Originally Posted by La Texican
I just thought of a new way to track kids. You could have one class that wants to learn and one class that wants to do the bare minimum. The teacher that likes to differentiate can have the students that want to learn, whatever their abilities, and they support the students and don't hold them back. The students are self selected.

Interesting idea--but I think it might suffer some of the same issues as other tracking systems once the parents figured out what was going on--I think most parents would not want their kid in the 'bare minimum' group.
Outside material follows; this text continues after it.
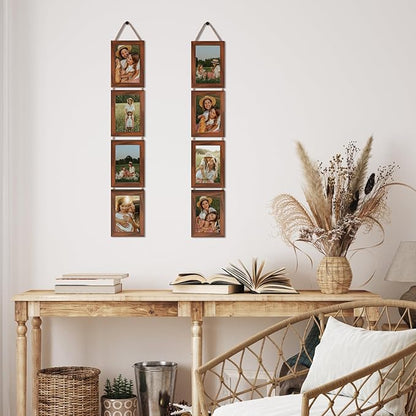 Lavezee 4x6 Hanging Collage Picture Frames Set of 2, 8 Opening Vertical Frame for Wall Mounting, Walnut Brown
So then I can imagine all the parents who care raising heck about getting their kid into the 'wants to learn' class regardless of how their kid feels.

Re lack of political correctness, here's another interesting idea that I heard awhile ago but haven't seen work yet. A speaker re 2e kids suggested that one rationale that might help advocates of gifted education is that minority/underprivileged/socioeconomically challenged 2e kids tend to be under-identified, and screening for and helping such kids might be useful to schools and teachers under the No-Child-Left-Behind incentive structure. I don't know how the recent changes to No-Child-Left-Behind might affect this, but it was an interesting idea that these 2e kids might be particularly under-served, and that including them as a reason for gifted identification and education might be helpful in advocating for gifted kids generally, as well as being a very good thing to do.

Last edited by Dbat; 08/25/12 02:33 PM.